GIVEN DATA Start Marker
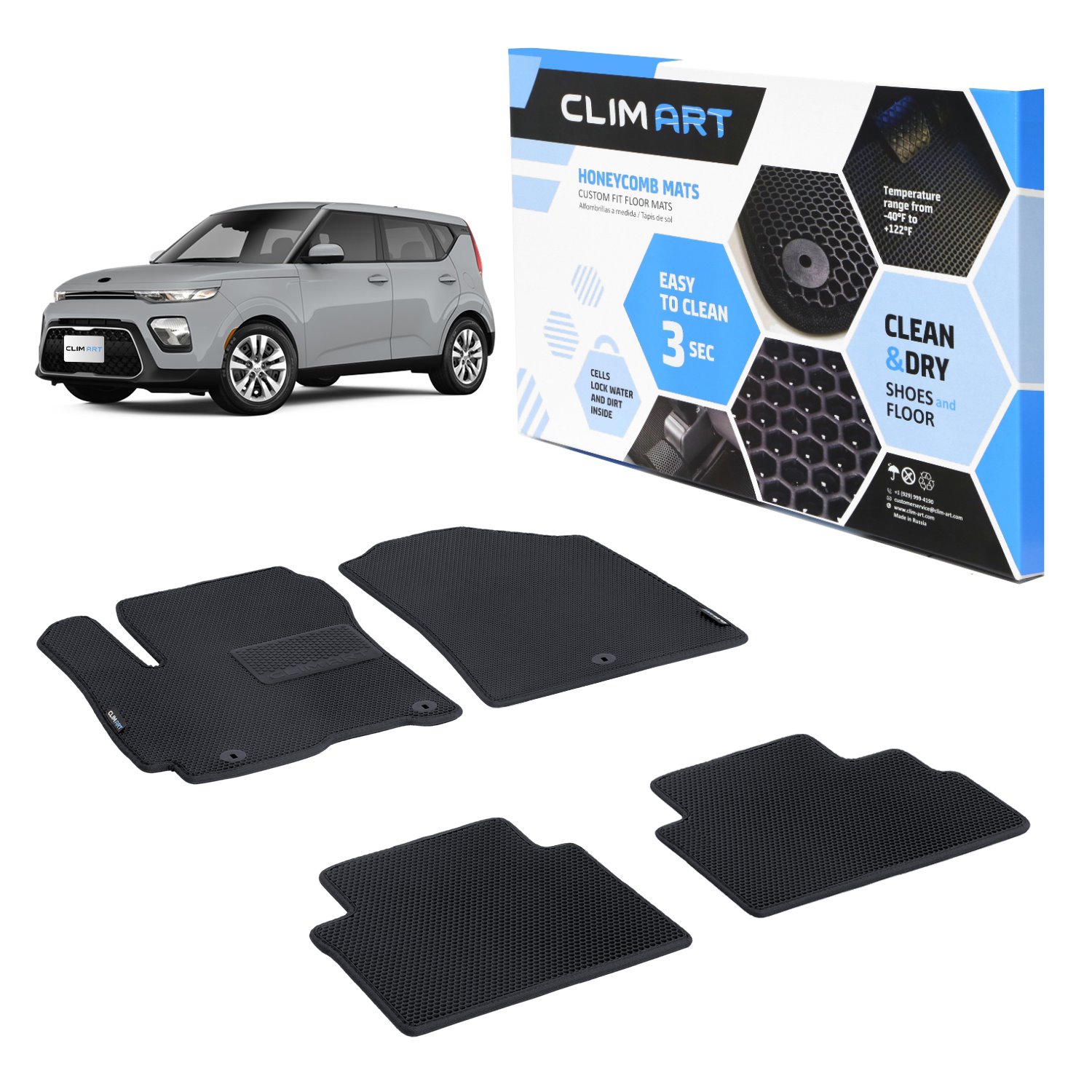 CLIM ART Honeycomb Custom Fit Floor Mats Fits Select Kia Soul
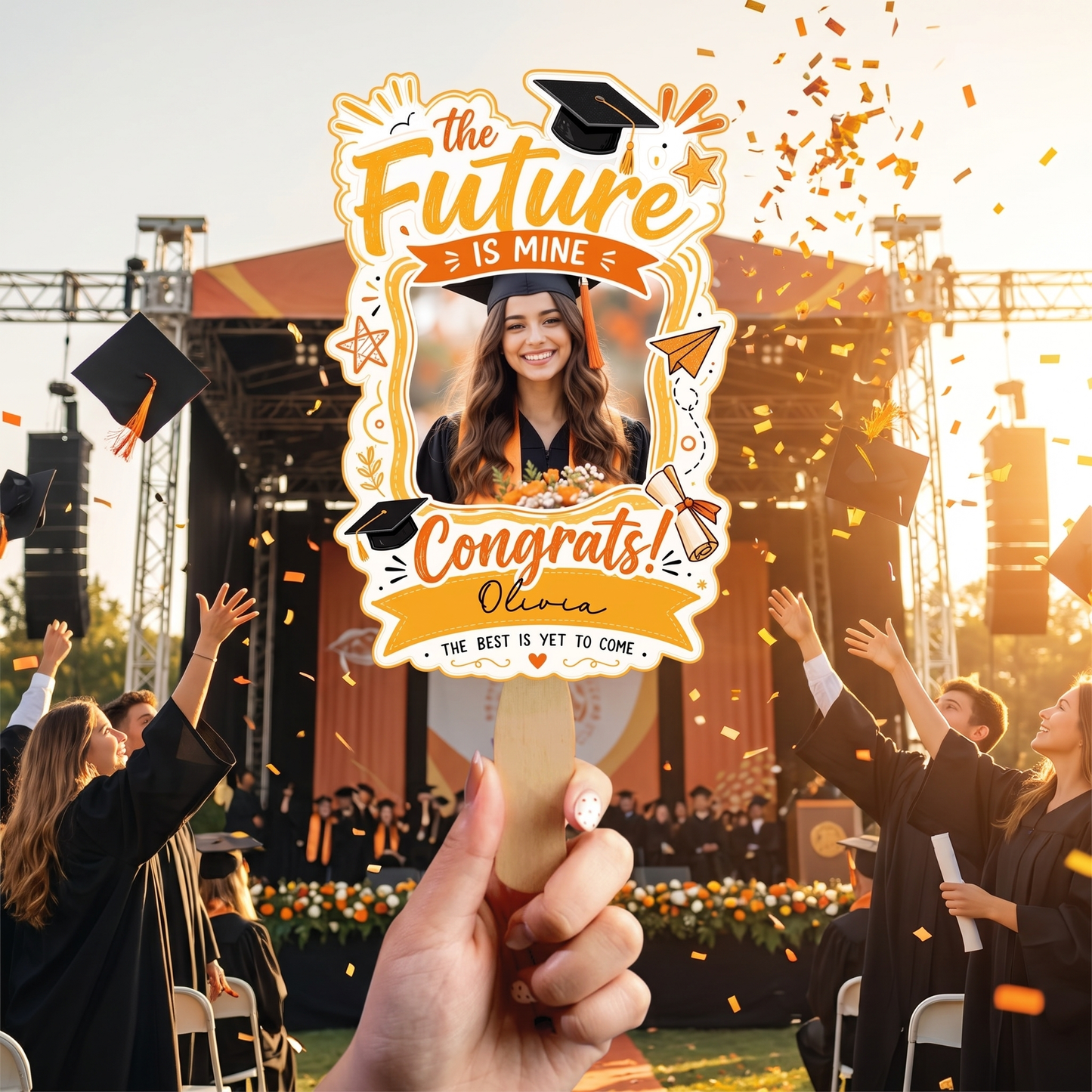 The Future Is Mine Custom Shape Hand Fan with Custom Name Graduation Party Fan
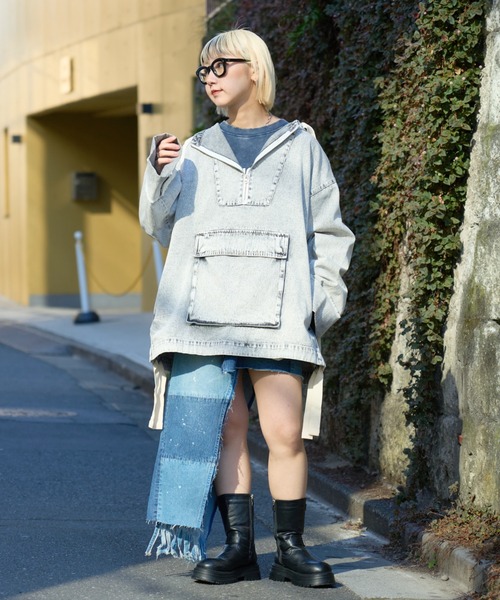 SOUNDSGOOOOD（サウンズグッド）の「【SOUNDS GOOOOD 】デニムアノラックパーカー（パーカー・レディース・サックスブルー/グレー/オレンジ/イエロー/ブルー・ONE SIZE）」の6枚目の写真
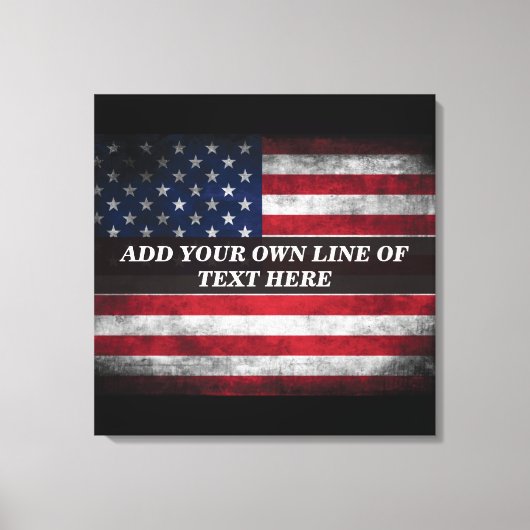 Voeg jouw tekst op Amerikaanse vlag toe Canvas Afdruk (Voorkant)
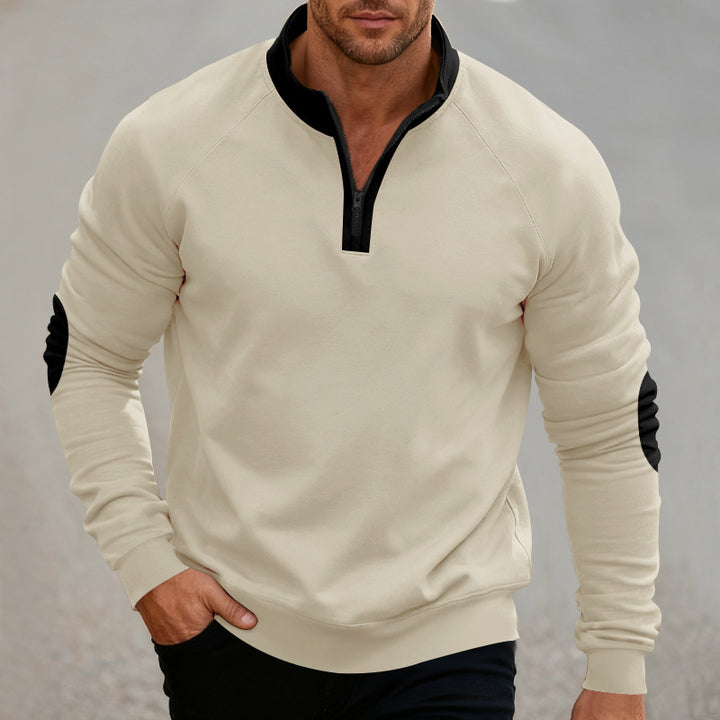 Men's sporty hoodie with short zipper and fashionable contrast elements Lisslune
GIVEN DATA End Marker
If an entry holds a picture, skip the picture and print the rest of the data exactly.

 CLIM ART Honeycomb Custom Fit Floor Mats Fits Select Kia Soul
 The Future Is Mine Custom Shape Hand Fan with Custom Name Graduation Party Fan
 SOUNDSGOOOOD（サウンズグッド）の「【SOUNDS GOOOOD 】デニムアノラックパーカー（パーカー・レディース・サックスブルー/グレー/オレンジ/イエロー/ブルー・ONE SIZE）」の6枚目の写真
 Voeg jouw tekst op Amerikaanse vlag toe Canvas Afdruk (Voorkant)
 Men's sporty hoodie with short zipper and fashionable contrast elements Lisslune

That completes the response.